Not everyone learns using the same method. In fact, there are seven different types of learning styles — visual, aural, verbal, physical, social, logical and solitary. Many course creators and instructors simply make their course based on the way they like to learn, or the way they’ve seen information presented in the past, which can exclude a large group of students. I have taken courses that have been hard for me to connect to off the bat, and Blandine Carsalade, author and founder of an online learning platform for children, Book Prunelle, says dismissing all the different learning styles is the wrong way to do things.
“Everyone has a different way of understanding things, and no one is the same,” she observed. “Some need to hear it, some need to read it, and some need a story around it in order to understand. A teacher must understand the way the learner understands the world, then understand their language,” she said. Make sure to go beyond your natural way of learning and teaching when creating the course. That may entail asking a friend with a different learning style to take the course and be brutally honest about where they were mentally disengaging.
2. Provide feedback when there’s time to make an adjustment.
In addition to providing multiple mediums for learning, check to see how your students are doing halfway through the course. Employ team members or invest the time yourself to review a short "assignment" to make sure they’re understanding the material and that they can get real-time feedback. If your course is on utilizing Facebook ads, have them create a mini one and give them feedback on how they selected their audience.
Flower Darby posited in The Chronicle: “Have your students had the opportunity to build — step by step, like they would in an in-person classroom — the knowledge and skills they will need to do well?” Shaping your online course to incorporate these step-by-step, “scaffolding”-like assessments will help students feel like they’re making real progress, and make the process of integrating their learning full time after the course less daunting.
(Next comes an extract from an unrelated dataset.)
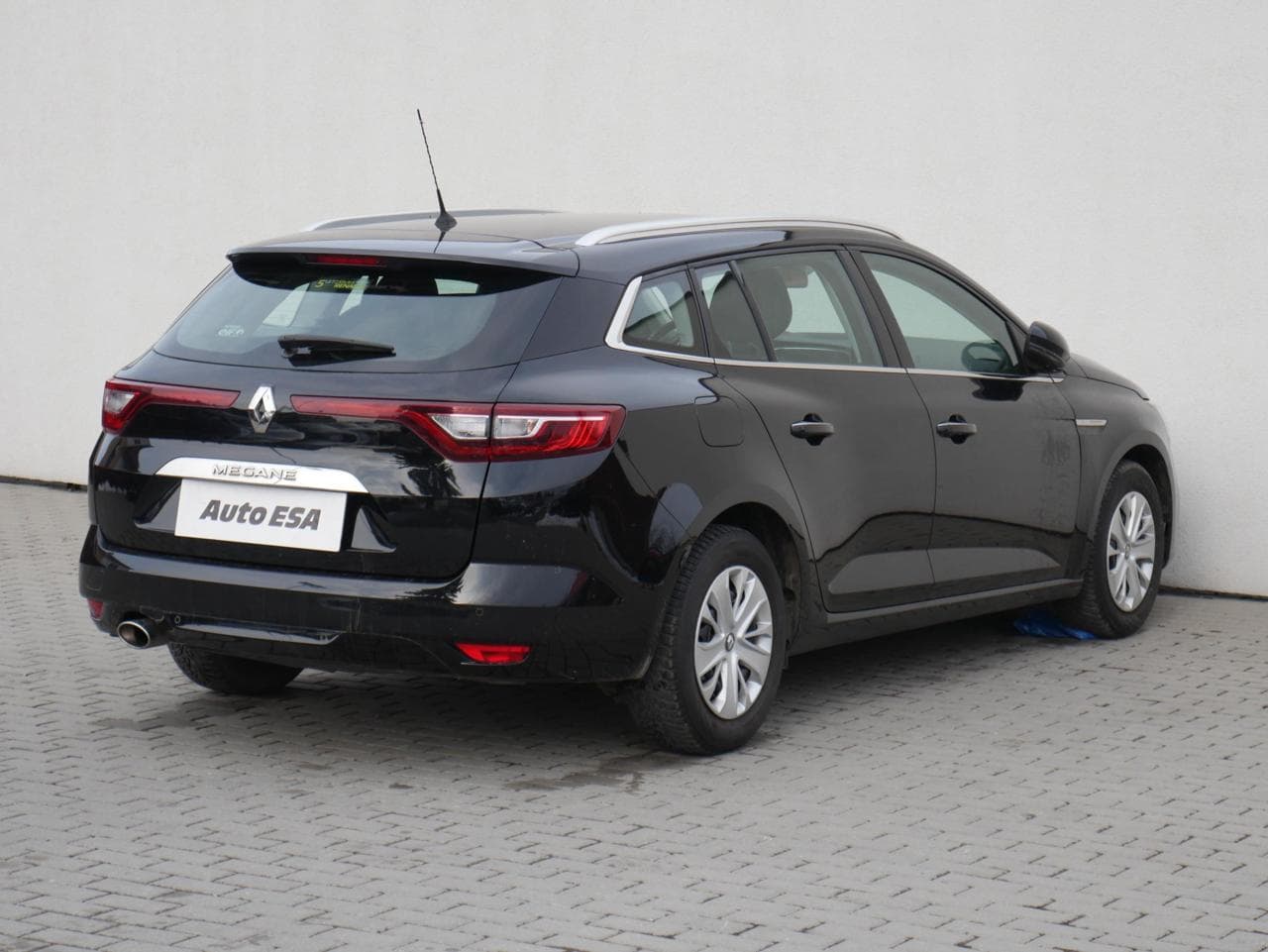 2017 Renault MEGANE - 4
3. Offer real mentorship beyond the course.
Many online instructors begin by recording the content to a beta group live, then packaging these videos for future students. The beta students, who got to learn in real time as the instructor was teaching, tend to get far more from the experience than the future students, simply because they’re interacting with a real person who can answer their questions. It’s easier to check out mentally when there’s no one actually physically there, holding the student accountable.
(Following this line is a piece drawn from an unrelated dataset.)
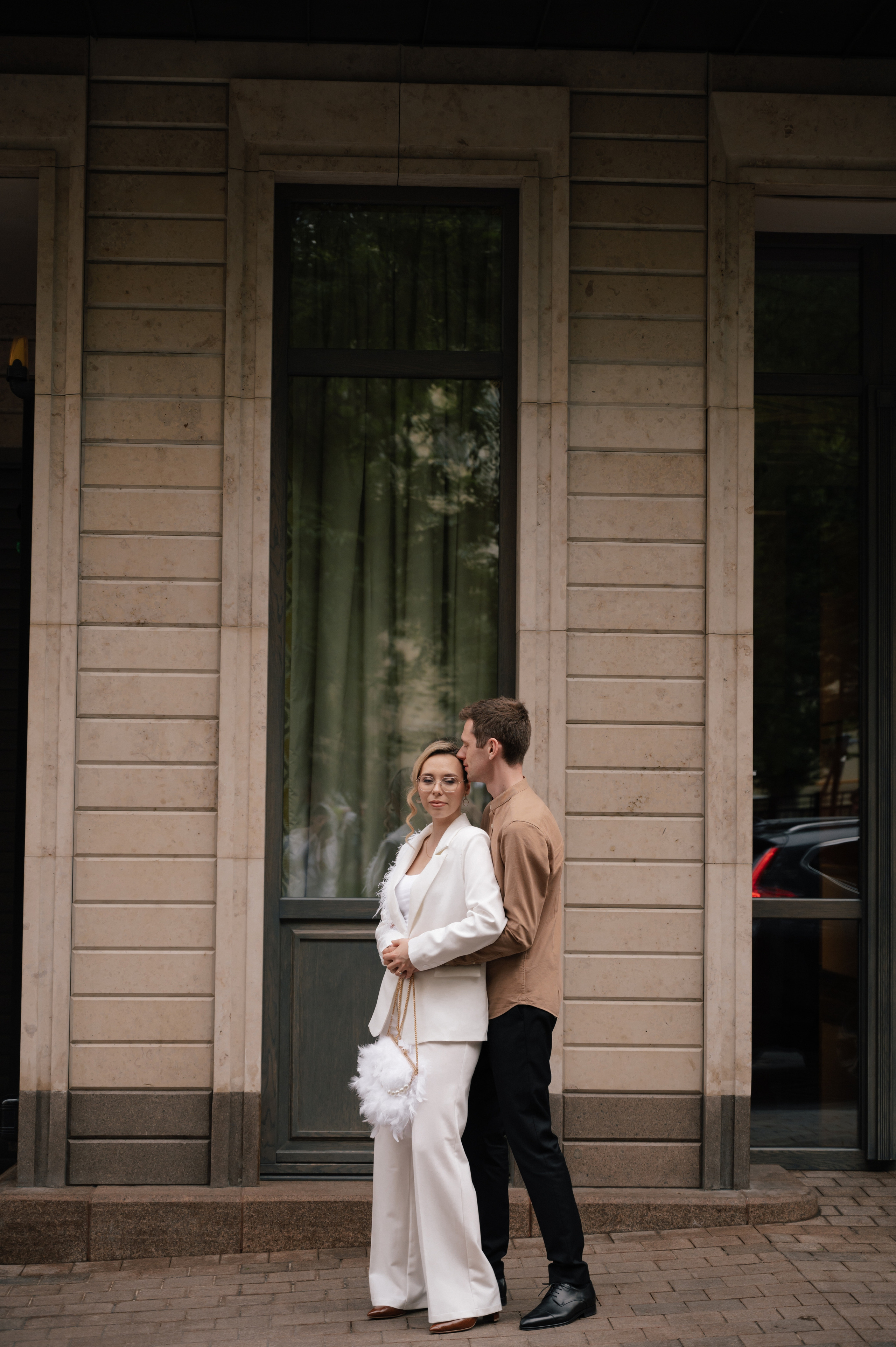 Ариадна и Александр. Свадебный и семейный фотограф Вероника Холод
Marc Angelo Coppola, the founder of Superhero Academy, encourages course teachers to think differently about their role. “People aren't looking for knowledge — that's what Google and YouTube are for — they are looking for a role model they can actually interface with,” he shared. “They need real mentorship from a mentor who actually cares and sees a ton of utility in passing on their genius to the next generation.” Think about the best class you ever took in high school or college. You likely had a professor who saw something unique in you and took the time to foster this spark.
This has far-reaching implications. Coppola went on, “If young entrepreneurs can accelerate their learning curves through powerful mentorship, they can more quickly get to the phase of financial success, network and life that so many turn to philanthropy and actually merge the two into what I call being a philanthropreneur.”
This is how online courses can create a real difference in the world: by enabling their students to go out and make a difference with what they learn. But that can’t be done by haphazardly putting a course together. It can only be done through real mentorship, the integration of different learning styles and offering step-by-step “homework” to ensure the student is learning as they go.